A liberdade de imprensa tem vindo a ser escrutinada pelos tribunais angolanos. E se Tânia de Carvalho foi absolvida no caso da queixa do presidente do BAI, menos sorte teve Carlos Alberto, condenado a uma pena suspensa de contornos inusitados. A decisão do Supremo, neste caso, não está livre de críticas.
Há uma boa nova e uma má notícia para as liberdades de imprensa e de expressão. A boa notícia é a absolvição da comentarista televisiva Tânia de Carvalho, pelo Tribunal Provincial de Luanda, no caso da queixa apresentada pelo presidente do Banco Angolano de Investimentos (BAI), José Carlos Paiva. Tânia de Carvalho denunciou, com recurso a provas convincentes, os eventuais negócios corruptos de Paiva, que por sua vez decidiu apresentar queixa. Felizmente, neste caso, a justiça funcionou.
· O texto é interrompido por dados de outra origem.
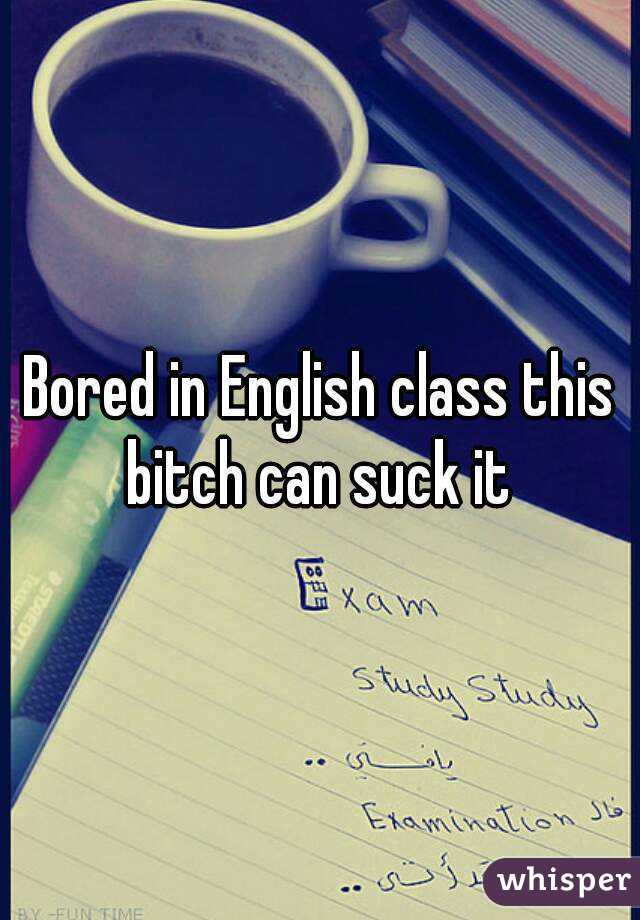 Bored in English class this bitch can suck it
Má notícia é a condenação do jornalista Carlos Alberto, gestor do website A Denúncia: a 23 de Junho passado, três juízes conselheiros da 1.ª secção da câmara criminal do Tribunal Supremo condenaram Carlos Alberto a uma pena de prisão de três anos, sujeita a suspensão. Segundo a deliberação dos magistrados João Pedro Kinkani Fuantoni, Daniel Modesto e Aurélio Simba, a pena fica suspensa caso o condenado apresente, no prazo de 20 dias, um pedido de desculpas aos ofendidos, sendo o principal Luís de Assunção Pedro da Mouta Liz, vice-procurador-geral da República.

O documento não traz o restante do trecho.